Osiris se quedó callado, esperando a que ella siguiera. La parte de la cara que le había cacheteado no solo ya estaba roja e hinchada, sino que también le dolía.
La verdad es que no tenía ganas de hablar en ese momento, pero no le quedaría más remedio que darle la cara si ella insistía en empezar otra pelea.

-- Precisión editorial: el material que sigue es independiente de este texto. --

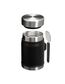 The Legendary Classic Food Jar + Spork | 14 OZ | 0.4 L | Black 2.0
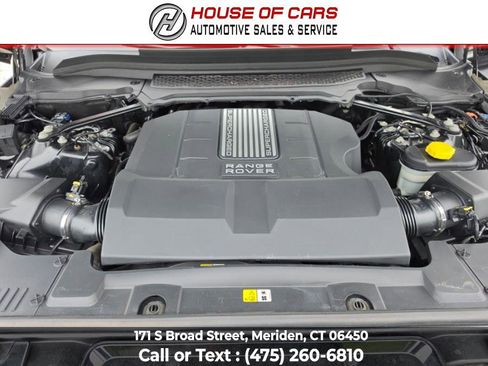Used 2014 Land Rover Range Rover Sport Supercharged AWD/4WD image 56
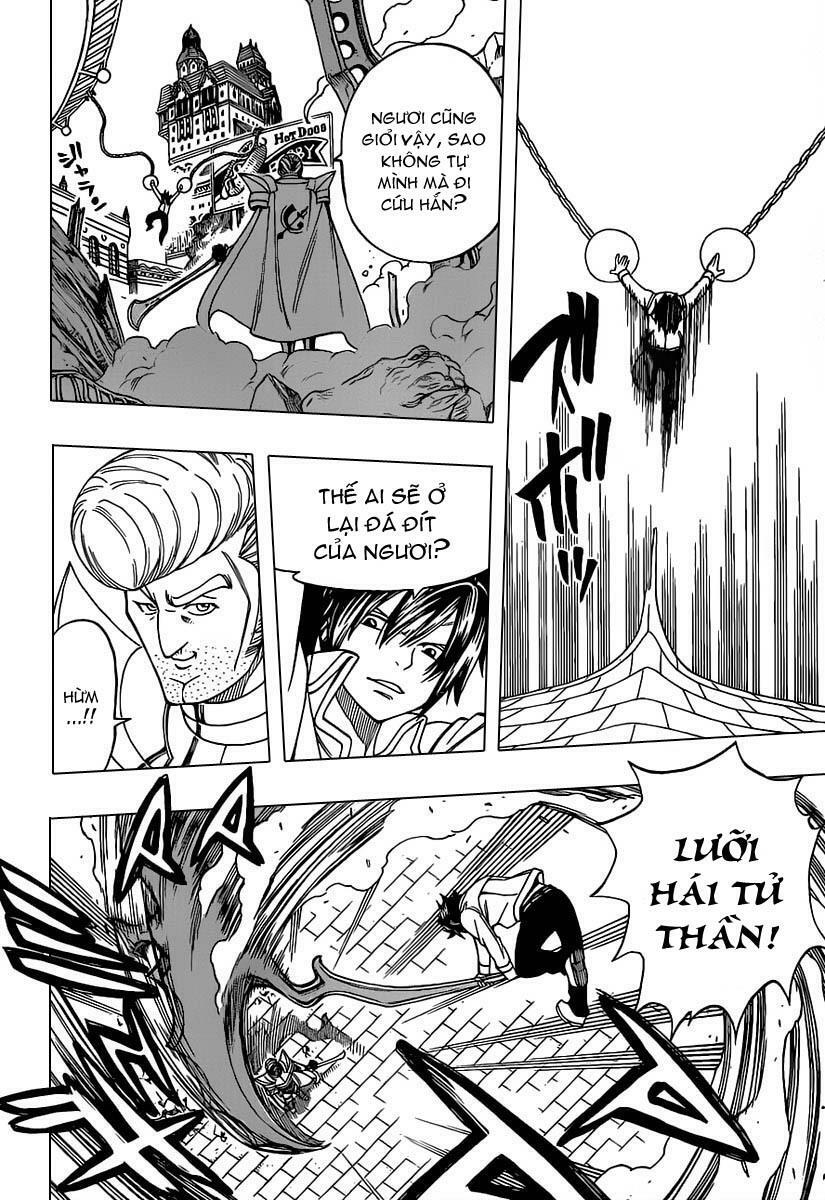 Hội Pháp Sư Nổi Tiếng: Chapter 182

—¿Qué tipo de chicas te gustan? —le preguntó Rosalinda—. La verdad es que puedo hacer de celestina por una vez y presentarte a alguien, pero a cambio, deja de robarme los clientes tan seguido.
Osiris le contestó de mala gana: —Eso no lo podemos evitar mientras estemos en el mismo negocio. El que puede, se queda con el cliente, así de simple.
—¿Qué pasa? ¿Estás reconociendo que perdiste? Llevas años sin dar tu brazo a torcer y siempre insistiendo en llevarme la contraria.
—Por favor, el que me busca pelea eres tú. Tu empresa estaba a punto de quebrar antes de que la salvaras y la convirtieras en la mayor competencia de la nuestra.
Osiris soltó un bufido frío. —Estaba a punto de quebrar porque tu empresa la estaba aplastando y no la dejaba crecer.
—Además, los negocios son para ganar plata, y el que cierra el trato se lleva la ganancia. ¿Quién no querría eso?
—Yo no robo, no hago trampa, ni uso trucos sucios. Es una competencia justa, basada en la capacidad de cada uno. No he hecho nada malo. Mientras ustedes no hayan firmado un contrato, nosotros todavía tenemos chance.
—Y aunque ya hubieran firmado un contrato, igual podrían trabajar con varias empresas para comparar qué productos son mejores y valen más la pena. Hasta gente como nosotros hace eso en nuestro día a día.
Rosalinda se quedó sin palabras por un momento antes de cambiar de tema. —No hablemos de negocios ahora, hablemos de amor. ¿Qué tipo de chicas te gustan?
—Definitivamente, no alguien como tú, eso te lo aseguro.